PROVIDED RECORDS:
#####

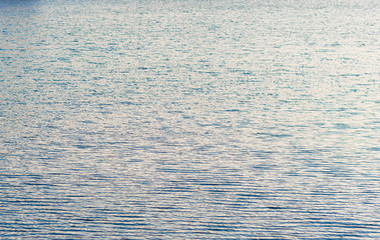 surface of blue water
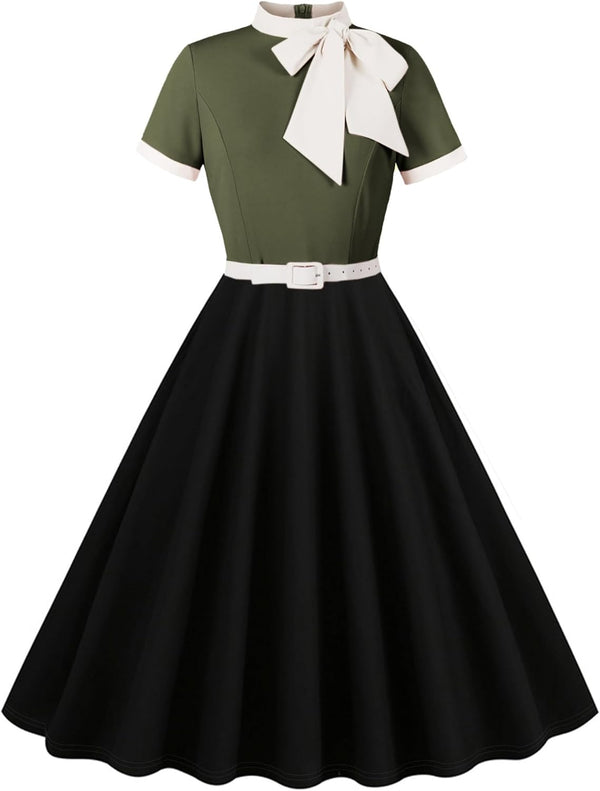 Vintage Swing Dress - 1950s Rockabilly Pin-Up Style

#####

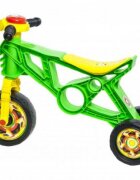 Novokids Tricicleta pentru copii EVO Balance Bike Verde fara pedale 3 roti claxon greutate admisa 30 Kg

#####

ACTIVITY: Write down exactly what the lines above say, from the line holding "surface of blue water" through the line holding "Vintage Swing Dress", and nothing more. Do not copy the pictures.

ANSWER BOX:
 surface of blue water
 Vintage Swing Dress - 1950s Rockabilly Pin-Up Style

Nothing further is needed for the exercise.